St George's Hospital and G T Hospital were said to have received 75 bodies and more than 250 injured people, additional municipal commissioner R A Rajeev said. Bombay Hospital got two bodies and 30 injured people were admitted there; Cooper Hospital, Vile Parle, got three dismembered bodies.
Three of the deaths occurred inside the Taj and one G T Hospital attendant died in a shootout inside the hospital. There were reports of people cowering under tables and chairs at both the Taj as well as G T Hospital.
Metro Junction resident Manoj Goel said: "My brother, Manish, died in the firing at Colaba's Hamaal Galli." Cops fired back at the men -- probably from one of the Lashkar groups, dressed in black and with backpacks and SRPF, Crime Branch, ATS and teams of military commandos were summoned to the spot. Train services at CST were suspended and all roads leading to and from south Mumbai were blockaded.
Maharashtra Chief Minister Vilasrao Deshmukh cut short his Kerala visit and was returning to Mumbai. He described the situation in Mumbai as "very serious".
Deshmukh promised "stringent action" against the assailants but the mood across Mumbai was not so optimistic.
There were reports of firing around several landmark buildings in the Colaba-Nariman Point area, including the Taj hotel, Oberoi and other tourist attractions and pubs like Leopold's. The top floor of Oberoi was said to be on fire amid reports of blasts in the area and blood-smeared bodies were being brought out of the Taj lobby.

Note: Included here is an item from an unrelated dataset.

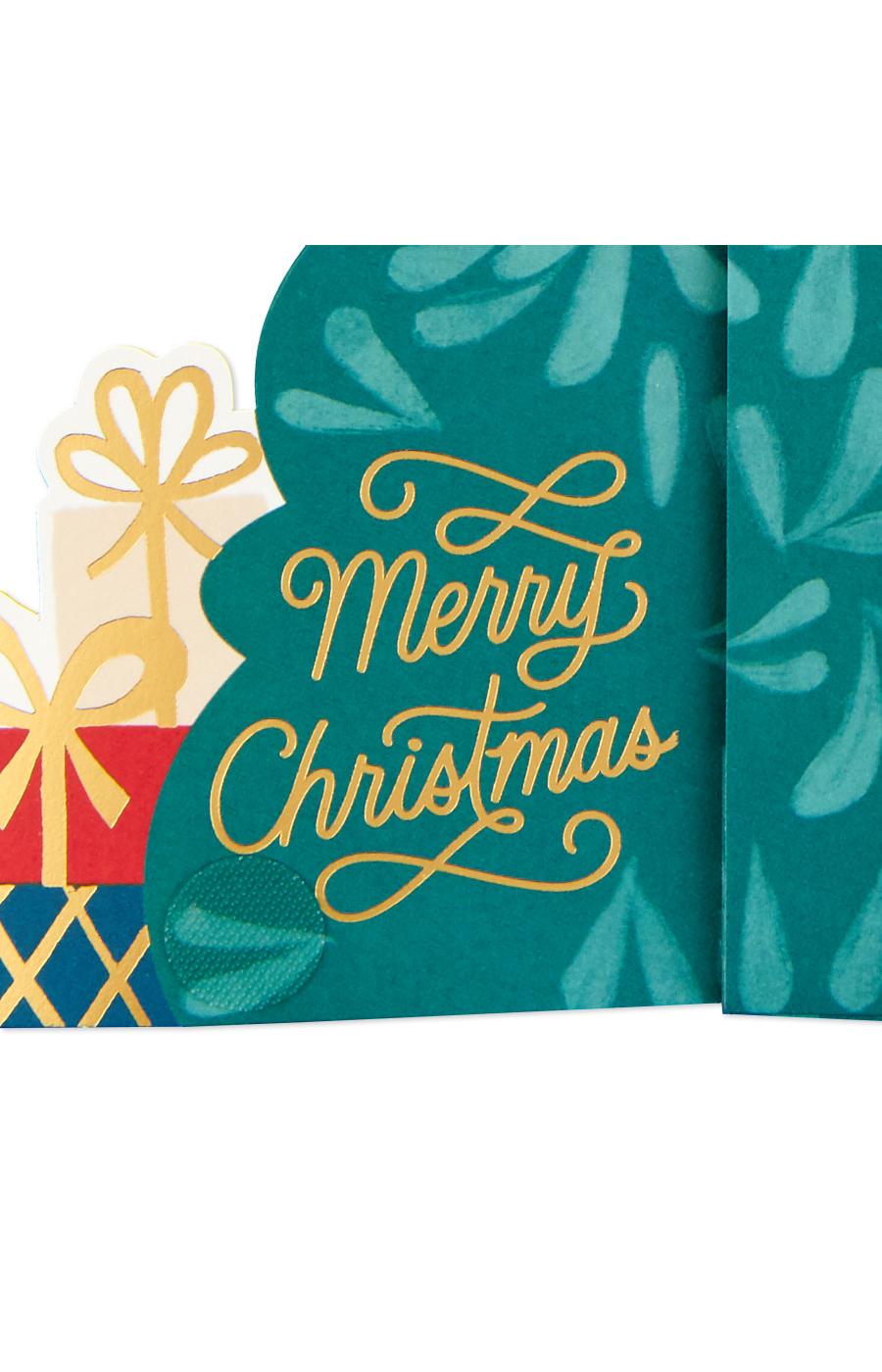 Hallmark Christmas Tree Paper Wonder Displayable Pop Up Honeycomb Christmas Card - S12, S29; image 8 of 8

Terrorists were said to be holed up at the Taj as well as G T Hospital and cops scampered to cordon off these places. A white flag was seen fluttering from an Oberoi Hotel window around 11.20 pm, where a blast was said to have occurred.
The blast on the Western Express Highway -- near Centaur Hotel outside the airport -- occurred in a taxi, deputy commissioner of police Nissar Tamboli said.

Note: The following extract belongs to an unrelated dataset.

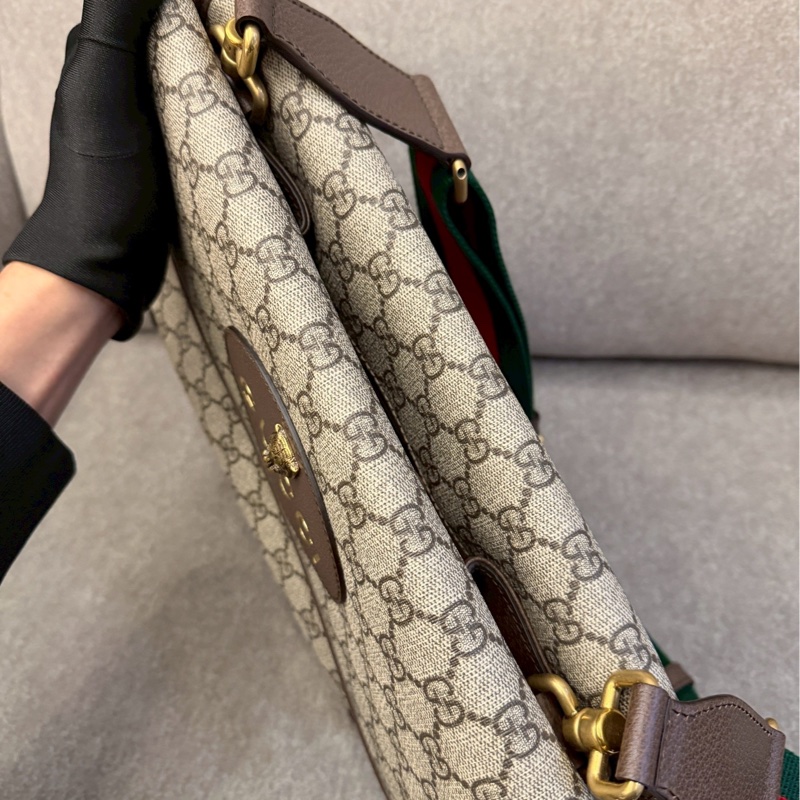 GUCCI雙層虎頭側背包-7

The firing and bombing started close to the Gateway of India. The gunbattle then moved on towards CST and raged on for over an hour from 10 pm, sending commuters running out of the station.
The assailants also fired into the crowd at CST and people on the trains and then ran out of the station themselves and into neighbouring buildings, including Cama Hospital, after being challenged by cops.

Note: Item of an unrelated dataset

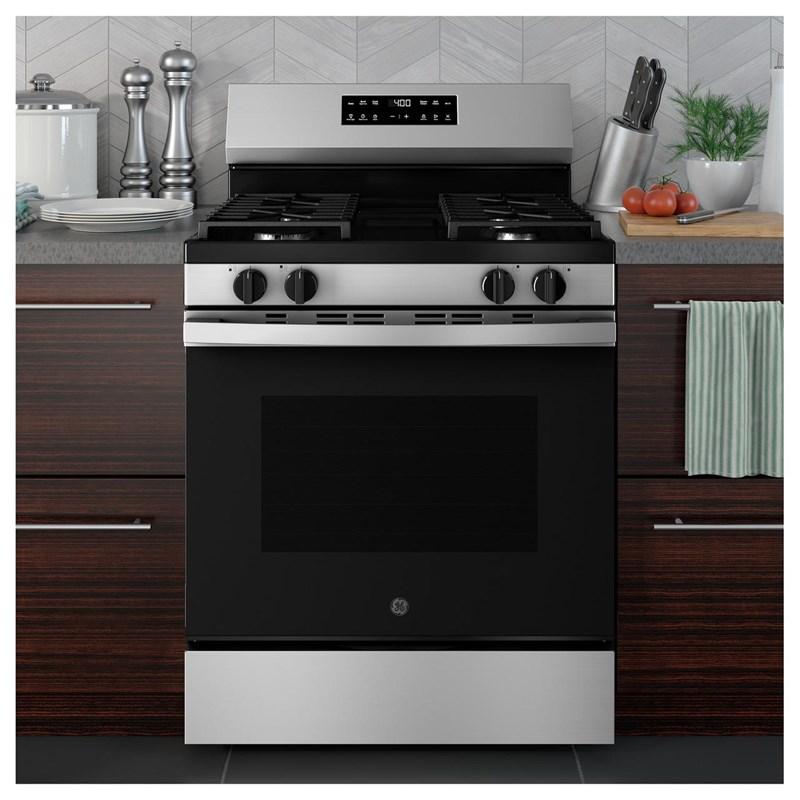 30-inch Freestanding Gas Range with SmartHQª (GGF400PVSS)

SRPF personnel then entered the iconic BMC building -- just opposite CST -- to take aim at the assailants, BMC commissioner Jairaj Phatak said. "We fear some of the assailants are still inside the station and we want to catch them if they come out,'' a police official said.
Vikhroli police station senior inspector Habib Ansari was on his way to work from his Colaba home when he saw two armed men, with sophisticated weaponry, trying to run into bylanes near the Gateway of India."I rushed back to Colaba and all policemen, including GRP and RPF personnel, were called up," he added.